No, Moneyman was not the kind of person who would hire a chopper to be ferried to a harambee to donate a few thousand shillings, which many Kenyan politicians do to wow voters in dusty, remote counties.

Moneyman was a miserly man who did not even spare himself in his warped sense of saving. Simply put, he believed he could get rich by not spending a coin. His strange sense of austerity saw him move in to live with other people, and instead of helping pay bills, he would shamelessly offer to loan his hosts some cash which he harassed them to pay back.

It was about Moneyman that I was thinking when this whole austerity measures drive came about.

For while I think the pay-cut debate is of good symbolic value, my very honest view is that you can only cut costs up to a point where whittling a coin more would starve the State machinery of resources to run smoothly and efficiently.

And while you may, like Moneyman, save quite a tidy sum by ferreting out ghost workers, tenderpreneurs and other conduits of waste, it stands to common sense that you do not get rich by spending less and less. You get rich by making more than you spend. Our people even have a saying that goes: A coin is enticed with another, which means you must spend something wisely to gain some more.

So here is my two cents worth on how to lower wasteful spending in government. First, the primary job of government is creating a conducive environment for its citizens and other legal entities to prosper.

And while wasteful spending is a good starting point, there are a few things that we could get right and help the country expand its revenue base. One is trying to maintain a healthy balance of payments and trade. Take China for instance. They export everything from toothpicks to ear buds to Kenya, but how much do we export to that country? Zilch!

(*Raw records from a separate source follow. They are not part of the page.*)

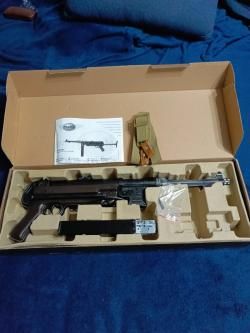 Umarex Legends MP-40 German Legacy Edition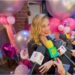 Elizabeth Álvarez durante una entrevista, sonriente, al hablar sobre su cumpleaños 49, su familia, el teatro y sus próximos proyectos.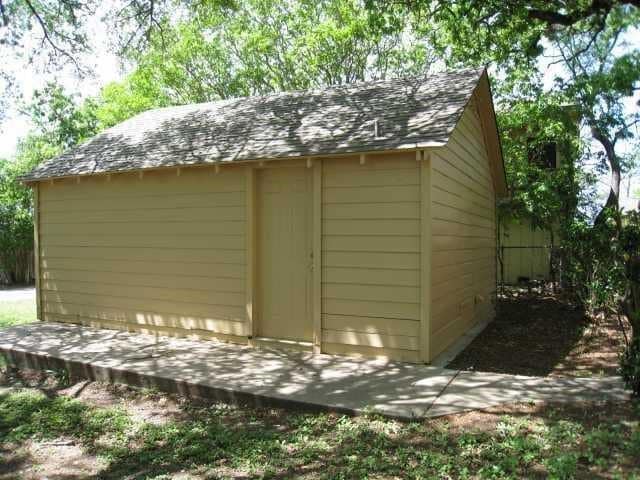 Building Photo - 703 W 35th St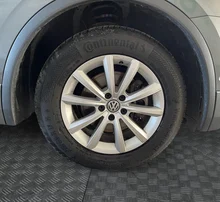 VW Tiguan Allspace Alls. HL TDI 4MOTION DSG 5-Sitzer in Platinumgrey Metallic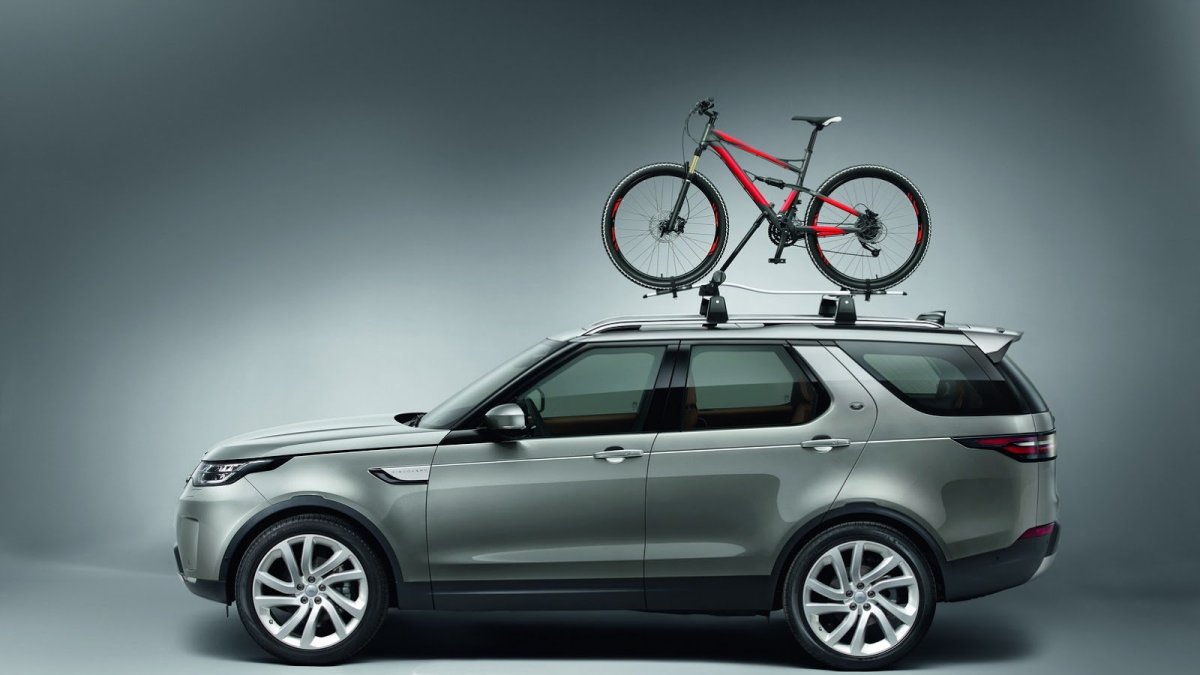 Land Rover Discovery přichází v páté generaci, která větší než doposud.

We need to mount an aggressive campaign to increase our foreign exchange by formulating policies that will encourage investors to pitch tent here and produce for exports.

That way, we can push our GDP to such great heights that even our currently frightening wage bill will be only a microscopic percentage.

Secondly, what we save from wasteful spending should help government seal budgetary holes so that we reduce domestic borrowing.

If we could move away from short-term borrowing through treasury bills, banks would have no option but to lend to private investors. This would further bring more investment into the country, creating more jobs and further increase tax revenue as all these businesses and new employees will pay tax!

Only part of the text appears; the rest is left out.